Supplied information section start
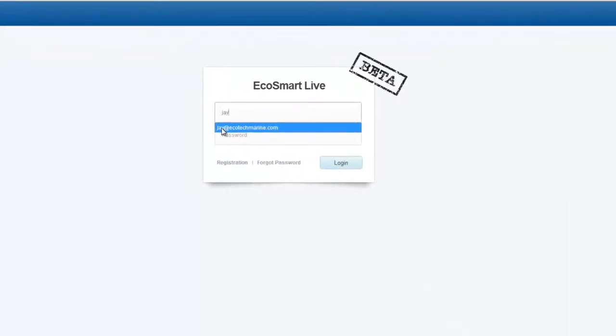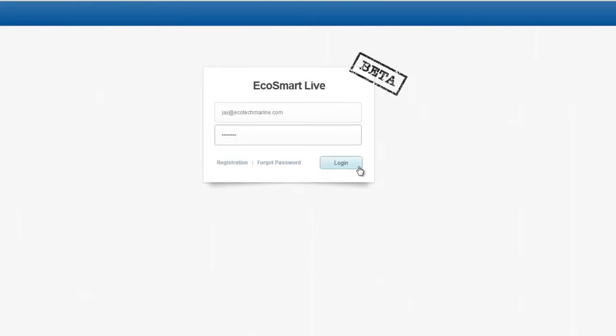In this video, we're going to log into EcoSmart Live and change our account password. This is also how you would change any other settings.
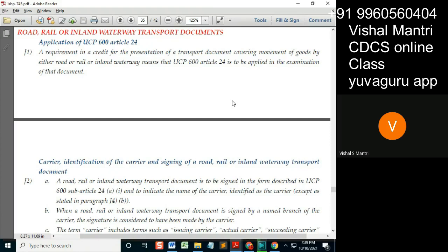As per UCP Article 14, they are to be checked as per the other documents article. This is a very clear distinction which we have to follow.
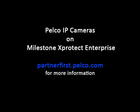For more information about Pelco IP cameras on the Milestone Xprotect Enterprise system, go to partnerfirst.pelco.com and select the Milestone System page. Here you will find useful information, including an advanced programming demonstration video.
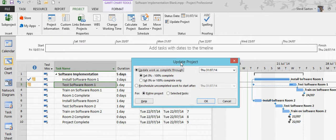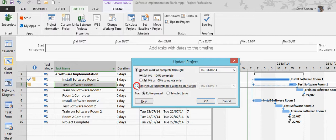Now in this box it says to reschedule any uncompleted work to after the date that is set at the top, which is the status date. If I just tick that option and click OK,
Supplied information section end
— Exercise prompt —
Set down the full listing above with its wording unchanged. Leave out its images.

— Task response —
In this video, we're going to log into EcoSmart Live and change our account password. This is also how you would change any other settings.
As per UCP Article 14, they are to be checked as per the other documents article. This is a very clear distinction which we have to follow.
For more information about Pelco IP cameras on the Milestone Xprotect Enterprise system, go to partnerfirst.pelco.com and select the Milestone System page. Here you will find useful information, including an advanced programming demonstration video.
Now in this box it says to reschedule any uncompleted work to after the date that is set at the top, which is the status date. If I just tick that option and click OK,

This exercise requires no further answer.